Re: pinning, tsc and apic

public inbox for kvm@vger.kernel.org
 help / color / mirror / Atom feed

From: Ryan Harper <ryanh@us.ibm.com>
To: Anthony Liguori <anthony@codemonkey.ws>
Cc: kvm-devel@lists.sourceforge.net, Ryan Harper <ryanh@us.ibm.com>
Subject: Re: pinning, tsc and apic
Date: Mon, 12 May 2008 16:23:19 -0500	[thread overview]
Message-ID: <20080512212319.GV17938@us.ibm.com> (raw)
In-Reply-To: <48289F36.8020702@codemonkey.ws>

* Anthony Liguori <anthony@codemonkey.ws> [2008-05-12 15:05]:
> Ryan Harper wrote:
> >I've been digging into some of the instability we see when running
> >larger numbers of guests at the same time.  The test I'm currently using
> >involves launching 64 1vcpu guests on an 8-way AMD box.
> 
> Note this is a Barcelona system and therefore should have a 
> fixed-frequency TSC.
> 
> >  With the latest
> >kvm-userspace git and kvm.git + Gerd's kvmclock fixes, I can launch all
> >64 of these 1 second apart,
> 
> BTW, what if you don't pace-out the startups?  Do we still have issues 
> with that?

Do you mean without the 1 second delay or with a longer delay?  My
experience is that delay helps (fewer hangs), but doesn't solve things
completely.

> 
> > and only a handful (1 to 3)  end up not
> >making it up.  In dmesg on the host, I get a couple messages:
> >
> >[321365.362534] vcpu not ready for apic_round_robin
> >
> >and 
> >
> >[321503.023788] Unsupported delivery mode 7
> >
> >Now, the interesting bit for me was when I used numactl to pin the guest
> >to a processor, all of the guests come up with no issues at all.  As I
> >looked into it, it means that we're not running any of the vcpu
> >migration code which on svm is comprised of tsc_offset recalibration and
> >apic migration, and on vmx, a little more per-vcpu work
> >  
> 
> Another data point is that -no-kvm-irqchip doesn't make the situation 
> better.

Right.  Let me clarify; I still see hung guests, but I need to validate
if I see the apic related messages in the host or not, I don't recall
for certain.

> >I've convinced myself that svm.c's tsc offset calculation works and
> >handles the migration from cpu to cpu quite well.  I added the following
> >snippet to trigger if we ever encountered the case where we migrated to
> >a tsc that was behind:
> >
> >    rdtscll(tsc_this);
> >    delta = vcpu->arch.host_tsc - tsc_this;
> >    old_time = vcpu->arch.host_tsc + svm->vmcb->control.tsc_offset;
> >    new_time = tsc_this + svm->vmcb->control.tsc_offset + delta;
> >    if (new_time < old_time) {
> >        printk(KERN_ERR "ACK! (CPU%d->CPU%d) time goes back %llu\n",
> >               vcpu->cpu, cpu, old_time - new_time);
> >    }
> >    svm->vmcb->control.tsc_offset += delta;
> >  
> 
> Time will never go backwards, but what can happen is that the TSC 
> frequency will slow down.  This is because upon VCPU migration, we don't 
> account for the time between vcpu_put on the old processor and vcpu_load 
> on the new processor.  This time then disappears.

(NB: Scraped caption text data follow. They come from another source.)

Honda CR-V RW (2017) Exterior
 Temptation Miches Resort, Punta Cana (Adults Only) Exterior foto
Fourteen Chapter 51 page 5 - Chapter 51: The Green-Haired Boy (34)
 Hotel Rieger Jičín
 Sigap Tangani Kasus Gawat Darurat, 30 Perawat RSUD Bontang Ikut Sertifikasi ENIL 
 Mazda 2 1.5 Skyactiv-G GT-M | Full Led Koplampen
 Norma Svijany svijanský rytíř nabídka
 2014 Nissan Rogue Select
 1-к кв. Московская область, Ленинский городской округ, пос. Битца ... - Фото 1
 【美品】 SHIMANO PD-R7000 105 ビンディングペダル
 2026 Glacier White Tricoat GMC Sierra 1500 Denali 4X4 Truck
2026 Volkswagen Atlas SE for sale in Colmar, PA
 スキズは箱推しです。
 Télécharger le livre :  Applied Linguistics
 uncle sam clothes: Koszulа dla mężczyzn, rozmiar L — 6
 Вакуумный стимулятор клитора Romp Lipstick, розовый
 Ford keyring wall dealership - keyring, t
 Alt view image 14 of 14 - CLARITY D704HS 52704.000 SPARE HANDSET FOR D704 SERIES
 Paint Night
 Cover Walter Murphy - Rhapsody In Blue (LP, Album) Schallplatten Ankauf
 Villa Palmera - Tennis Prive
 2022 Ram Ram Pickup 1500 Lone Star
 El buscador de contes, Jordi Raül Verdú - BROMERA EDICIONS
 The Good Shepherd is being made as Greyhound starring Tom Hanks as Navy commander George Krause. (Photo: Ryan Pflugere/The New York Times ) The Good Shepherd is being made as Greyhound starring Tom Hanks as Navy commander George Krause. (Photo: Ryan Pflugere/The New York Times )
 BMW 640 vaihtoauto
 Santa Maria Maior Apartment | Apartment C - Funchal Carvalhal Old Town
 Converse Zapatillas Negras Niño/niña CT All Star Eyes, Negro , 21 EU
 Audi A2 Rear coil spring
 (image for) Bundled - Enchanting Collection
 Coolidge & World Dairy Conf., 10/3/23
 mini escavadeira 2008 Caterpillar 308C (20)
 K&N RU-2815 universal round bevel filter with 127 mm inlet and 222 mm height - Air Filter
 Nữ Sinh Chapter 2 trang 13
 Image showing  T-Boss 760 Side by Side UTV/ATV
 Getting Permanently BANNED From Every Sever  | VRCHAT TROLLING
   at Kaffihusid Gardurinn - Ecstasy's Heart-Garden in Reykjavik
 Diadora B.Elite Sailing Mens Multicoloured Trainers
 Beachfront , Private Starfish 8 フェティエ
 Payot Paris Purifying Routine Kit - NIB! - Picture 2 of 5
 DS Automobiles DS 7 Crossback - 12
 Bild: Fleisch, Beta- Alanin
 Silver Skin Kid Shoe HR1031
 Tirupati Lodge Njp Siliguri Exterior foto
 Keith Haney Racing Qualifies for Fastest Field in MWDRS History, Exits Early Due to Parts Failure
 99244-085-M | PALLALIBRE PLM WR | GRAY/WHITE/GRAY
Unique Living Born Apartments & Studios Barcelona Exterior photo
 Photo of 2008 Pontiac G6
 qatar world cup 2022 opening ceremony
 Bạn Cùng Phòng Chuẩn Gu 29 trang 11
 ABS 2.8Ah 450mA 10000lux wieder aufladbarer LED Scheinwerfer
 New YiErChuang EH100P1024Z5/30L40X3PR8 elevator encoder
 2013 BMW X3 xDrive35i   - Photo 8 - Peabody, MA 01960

In svm.c, I do think we account for most of that time since the delta
calculation will shift the guest time forward to the tsc value read in
svm_vcpu_load().  We'll still miss the time between fixing the offset
and when the guest can actually read its tsc.

> 
> A possible way to fix this (that's only valid on a processor with a 
> fixed-frequency TSC), is to take a high-res timestamp on vcpu_put, and 
> then on vcpu_load, take the delta timestamp since the old TSC was saved, 
> and use the TSC frequency on the new pcpu to calculate the number of 
> elapsed cycles.
> 
> Assuming a fixed frequency TSC, and a calibrated TSC across all 
> processors, you could get the same affects by using the VT tsc delta 
> logic.  Basically, it always uses the new CPU's TSC unless that would 
> cause the guest to move backwards in time.  As long as you have a 
> stable, calibrated TSC, this would work out.
> 
> Can you try your old patch that did this and see if it fixes the problem?

Yeah, I'll give it a spin.

-- 
Ryan Harper
Software Engineer; Linux Technology Center
IBM Corp., Austin, Tx
(512) 838-9253   T/L: 678-9253
ryanh@us.ibm.com

-------------------------------------------------------------------------
This SF.net email is sponsored by: Microsoft 
Defy all challenges. Microsoft(R) Visual Studio 2008. 
http://clk.atdmt.com/MRT/go/vse0120000070mrt/direct/01/

next prev parent reply	other threads:[~2008-05-12 21:23 UTC|newest]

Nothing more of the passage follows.